Resident Bob Cullen said “after a day at work I expect to come home and enjoy peace and quiet. If you let the cat out of the bag with this request, the door will be open and there is nothing that can stop them from continuing to move into our community.”
Resident Kathleen Roach said the commission had to discourage the hospital from continuing to buy up property.
“The hospital has to understand that to expand in Pinellas County means to go up,” she said. “There is just no land left to go out.”
Resident Tim Mariani ended a lengthy presentation against the proposal by asking if the parking lot was worth changing the land use regulations of the town.
“There is nothing to keep the hospital from developing that land in the future,” he said. “I ask you to preserve the land and deny the request.”
Resident Tom Nash had an opposite view.
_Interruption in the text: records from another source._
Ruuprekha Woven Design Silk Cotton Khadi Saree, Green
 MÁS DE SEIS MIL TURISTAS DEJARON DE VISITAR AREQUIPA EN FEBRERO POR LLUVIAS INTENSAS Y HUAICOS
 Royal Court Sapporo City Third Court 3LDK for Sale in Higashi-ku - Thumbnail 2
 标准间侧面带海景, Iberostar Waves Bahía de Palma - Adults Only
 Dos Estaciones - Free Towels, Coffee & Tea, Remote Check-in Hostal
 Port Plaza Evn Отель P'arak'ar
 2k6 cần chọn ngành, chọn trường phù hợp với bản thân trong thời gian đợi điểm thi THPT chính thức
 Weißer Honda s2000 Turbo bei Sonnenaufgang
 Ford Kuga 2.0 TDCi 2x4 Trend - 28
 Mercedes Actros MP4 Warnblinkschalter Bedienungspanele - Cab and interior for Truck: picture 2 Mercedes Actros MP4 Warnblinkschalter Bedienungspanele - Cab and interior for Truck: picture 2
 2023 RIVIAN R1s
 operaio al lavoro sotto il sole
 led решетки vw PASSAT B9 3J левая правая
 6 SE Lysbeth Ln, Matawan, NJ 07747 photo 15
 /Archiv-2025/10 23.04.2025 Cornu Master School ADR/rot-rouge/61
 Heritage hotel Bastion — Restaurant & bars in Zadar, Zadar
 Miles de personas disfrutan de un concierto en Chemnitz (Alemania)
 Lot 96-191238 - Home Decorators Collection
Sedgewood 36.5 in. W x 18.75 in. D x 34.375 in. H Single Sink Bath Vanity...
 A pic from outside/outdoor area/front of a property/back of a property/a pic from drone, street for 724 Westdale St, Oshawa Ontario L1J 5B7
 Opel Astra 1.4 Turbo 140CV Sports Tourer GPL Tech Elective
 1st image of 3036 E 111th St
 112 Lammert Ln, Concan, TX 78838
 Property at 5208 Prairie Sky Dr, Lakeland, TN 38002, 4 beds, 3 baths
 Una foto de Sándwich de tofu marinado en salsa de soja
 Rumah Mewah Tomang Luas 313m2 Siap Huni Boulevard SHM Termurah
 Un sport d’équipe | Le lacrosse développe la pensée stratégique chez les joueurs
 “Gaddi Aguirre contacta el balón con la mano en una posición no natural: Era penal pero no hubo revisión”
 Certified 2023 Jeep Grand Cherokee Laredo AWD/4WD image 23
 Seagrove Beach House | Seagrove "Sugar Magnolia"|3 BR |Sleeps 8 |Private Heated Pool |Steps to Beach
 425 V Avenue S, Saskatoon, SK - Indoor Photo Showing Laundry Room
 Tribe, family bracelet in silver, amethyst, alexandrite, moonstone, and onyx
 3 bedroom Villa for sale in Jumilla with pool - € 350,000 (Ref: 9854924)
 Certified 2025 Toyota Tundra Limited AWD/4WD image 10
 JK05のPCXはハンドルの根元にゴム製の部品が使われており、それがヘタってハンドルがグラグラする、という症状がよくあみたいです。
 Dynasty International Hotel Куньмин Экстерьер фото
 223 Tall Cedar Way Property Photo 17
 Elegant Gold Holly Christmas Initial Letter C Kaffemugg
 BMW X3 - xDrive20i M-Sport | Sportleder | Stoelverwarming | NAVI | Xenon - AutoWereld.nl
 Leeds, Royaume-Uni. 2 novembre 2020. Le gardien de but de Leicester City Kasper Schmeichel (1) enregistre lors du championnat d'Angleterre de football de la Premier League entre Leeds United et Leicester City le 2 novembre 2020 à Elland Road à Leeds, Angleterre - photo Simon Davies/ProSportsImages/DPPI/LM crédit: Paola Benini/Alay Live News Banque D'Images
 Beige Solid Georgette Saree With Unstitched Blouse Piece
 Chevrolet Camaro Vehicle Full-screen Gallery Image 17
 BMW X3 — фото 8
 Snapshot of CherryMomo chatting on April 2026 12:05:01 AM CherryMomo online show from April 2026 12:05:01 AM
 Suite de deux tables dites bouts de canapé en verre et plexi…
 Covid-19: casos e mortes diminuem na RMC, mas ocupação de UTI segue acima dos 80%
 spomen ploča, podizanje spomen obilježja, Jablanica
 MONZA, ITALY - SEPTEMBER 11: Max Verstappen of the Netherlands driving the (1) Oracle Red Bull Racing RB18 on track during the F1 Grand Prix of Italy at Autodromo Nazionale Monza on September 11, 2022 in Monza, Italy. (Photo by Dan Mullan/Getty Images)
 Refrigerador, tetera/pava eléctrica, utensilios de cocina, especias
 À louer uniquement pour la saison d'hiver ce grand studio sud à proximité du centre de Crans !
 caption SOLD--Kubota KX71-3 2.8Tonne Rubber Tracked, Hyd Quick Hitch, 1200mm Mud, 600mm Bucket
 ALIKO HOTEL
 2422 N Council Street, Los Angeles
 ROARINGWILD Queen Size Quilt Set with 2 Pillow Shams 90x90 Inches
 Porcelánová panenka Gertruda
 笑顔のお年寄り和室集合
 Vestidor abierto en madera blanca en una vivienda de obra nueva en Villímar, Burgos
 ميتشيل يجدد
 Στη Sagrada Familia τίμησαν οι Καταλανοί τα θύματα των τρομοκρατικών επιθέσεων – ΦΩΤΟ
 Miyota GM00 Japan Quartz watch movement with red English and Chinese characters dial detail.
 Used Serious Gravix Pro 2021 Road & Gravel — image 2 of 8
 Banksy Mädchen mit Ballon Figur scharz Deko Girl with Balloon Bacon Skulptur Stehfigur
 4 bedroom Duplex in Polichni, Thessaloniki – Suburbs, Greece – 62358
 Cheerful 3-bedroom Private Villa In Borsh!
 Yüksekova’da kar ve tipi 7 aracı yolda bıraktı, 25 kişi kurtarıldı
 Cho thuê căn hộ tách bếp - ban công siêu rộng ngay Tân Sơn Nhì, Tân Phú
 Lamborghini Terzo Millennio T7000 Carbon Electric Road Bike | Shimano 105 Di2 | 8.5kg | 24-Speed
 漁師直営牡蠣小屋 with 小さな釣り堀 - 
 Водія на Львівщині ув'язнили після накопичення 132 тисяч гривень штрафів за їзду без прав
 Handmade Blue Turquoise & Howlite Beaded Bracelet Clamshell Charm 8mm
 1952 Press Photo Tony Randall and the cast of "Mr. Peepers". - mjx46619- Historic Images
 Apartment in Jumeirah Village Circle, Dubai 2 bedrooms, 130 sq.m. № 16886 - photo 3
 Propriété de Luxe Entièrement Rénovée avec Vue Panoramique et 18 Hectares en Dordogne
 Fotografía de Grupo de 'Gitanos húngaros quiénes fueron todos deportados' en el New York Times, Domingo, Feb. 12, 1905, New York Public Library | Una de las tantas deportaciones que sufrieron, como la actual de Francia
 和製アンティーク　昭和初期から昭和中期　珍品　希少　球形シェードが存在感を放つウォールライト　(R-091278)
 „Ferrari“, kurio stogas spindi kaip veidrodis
Identifying himself as a board member of the hospital he said he supported what the hospital was trying to do.
“Take the emotion out of this,” he told commissioners. “Follow the law, the hospital is entitled to even more than they want.”
Another resident and one time chairman of the hospital board, Larry Morgan also supported the hospital’s plans.
“The hospital tries very hard at being a good citizen,” he said. “They have gone beyond the call of duty on this one.”
Armstrong concluded the public discussion over the issue by reminding the commission that it should focus on the issue at hand.
“What’s in focus is a 1.8 acre site for surface parking,” he said. “This is a property rights case, the code is specific, we met your criteria, experts have testified to that. The objections tonight have been based on emotion and very little fact.”
All that took more than three hours. It took only minutes for commissioners to vote on Vice Mayor Stephen Fowler’s motion to deny the request.
“I’m sensitive to the needs of Morton Plant, but the people of Belleair have elected me to do what’s best for them and I cannot support this,” Mayor Gary Katica said.
Once the 5-0 vote was cast the meeting adjourned. The rest of the lengthy agenda was tabled and will be dealt with at the next Commission meeting on Wednesday, Nov. 7, at 5:30 p.m.